Sounds like you have a nice place for your horses!Sounds great.We bring out horses in each night,as lately there have been too many wild dog attcks in the area.I see the horses for a better part of each day.


----------



## Britt (Apr 15, 2008)

I see my horses daily. They're kept on the property.


----------



## lovemyponies (Jul 26, 2008)

thanks everyone for their input...........jealous of all you who live with your loved ones(equine that is) Its 3 am and I would give $$$$ to just take a peak at mine (she always lays down in a cuddle up form at night next to her pet wild pig -serioulsy she has her own pet pig she adopted without asking me) but that is okay I have my most adoring JR snuggled up next to me... (she is super jealous of my horse LOL but she loves the barn as she can kill mice and dig huge holes)


----------



## combat (May 26, 2009)

everyday.
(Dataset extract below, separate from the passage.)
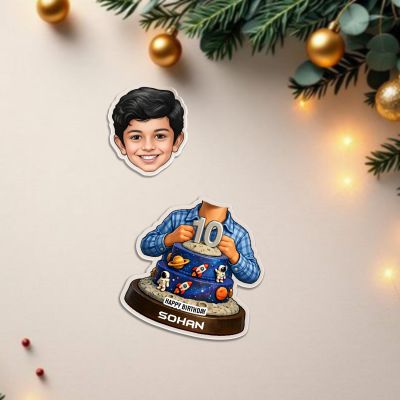 Personalized Astronaut Space Themed Bobblehead Caricature for Boys Birthday Gift for Kids, Son, Brother Tabletop Decor for Study Desk & Kids' Bedroom Battery Powered Moving Head
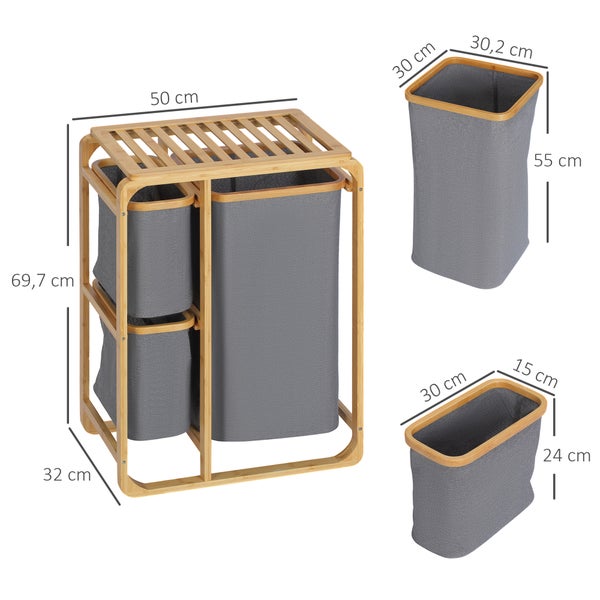 HOMCOM Wäschekorb Wäschebox mit Plattform Wäschesammler mit 3 abnehmbaren Wäschesacke Wäschesortierer für Schlafzimmer Badezimmer Bambus Grau+Natur 50 x 32 x 69,7 cm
I see him morning and night. he lives in the paddock next to my bedroom window, so i just call him and he comes over, thinking there food. haha i have a box of horse treats in my room so he comes straight over and gets a moring snack. Then when i get home i ride, then when i go to bed, i call him give him a treat talk to him for a bit then go to sleep. On nights i can't sleep i sit on my window talking to him, or playing with him... hes very lucky.


----------



## lovemyponies (Jul 26, 2008)

combat how fun to have him come right to your bedroom window, you need to post a pic of that,how cute!!!


----------



## Zab (Oct 4, 2008)

It depends..
Some weeks I do nothing but work, it feels like, and then I'm out there maybe once or twice..
Otherwice I try to be there 5-7 days a week. But I'll see how it goes, I've just moved away from the farm and into an apartment so I'm not sure how that will affect me


----------



## my2geldings (Feb 18, 2008)

Well because I am broken and home bound at the moment. I haven't seen my little mare for 3 weeks now. I won't be seeing her for another 6 weeks.
Otherwise unless I get caught up in night shifts, I usually see my horse every day or every other day


----------



## SlickDirtyDancin (Jul 11, 2009)

I see my horses every night since that is when I have to feed them. I only have a restricted license so I drive my parents to the stable or they drive me(about 15min from my house). In 2 months I will be able to drive their alone whenever I want. My horses don't like it when they don't get to see me and I get an extra big welcome when I come back after a few days.


----------



## themacpack (Jul 16, 2009)

We are fortunate enough to have property on which we can keep Aero, so we see her every day, 24/7. I cant' imagine living away from my horse, lol. I worked for a time for a gentleman who did boarding and there were people who saw their horses once a month or less, that would have been awful for me. I have never had a horse at a time when we didn't have the property on which to have it right there with us.


----------



## 7Ponies (May 21, 2009)

I see mine all day long, they live in my backyard  I go to the barn at least three times a day to feed them.


----------



## mom2pride (May 5, 2009)

I get out generally 3-4 times a week; sometimes I'm lucky and get out 5 times a week, and I'm never out there for less than 3 hours. When I ride, it is usually for less than a 1\3 of that time frame, as I spend alot of time on the ground before and after the ride.


----------



## lovemyponies (Jul 26, 2008)

I know when I ride its easily 3 hours even if I only ride 45 mins....... my horse is so spoiled.


----------



## sillysally (Feb 13, 2009)

I see her at least 4 times a week. When I was growing up she lived in our back yard, and I wish I had appreciated more then--it was really a wonderful set up!


----------



## RoadRider / Rios Dad (Jul 2, 2009)

I have boarded at various places for 25 years and don't want my own place. I want to be able to get away from it. That said I see my horse every single day, every day regardless of christmas or any other holiday. I spend a minimum of 1 hour a day with him. I put him to bed every night except Fridays when I have a hot date with my wife:lol:
I am an addict and_ I need my fix._


----------



## WSArabians (Apr 14, 2008)

Several times a day.


----------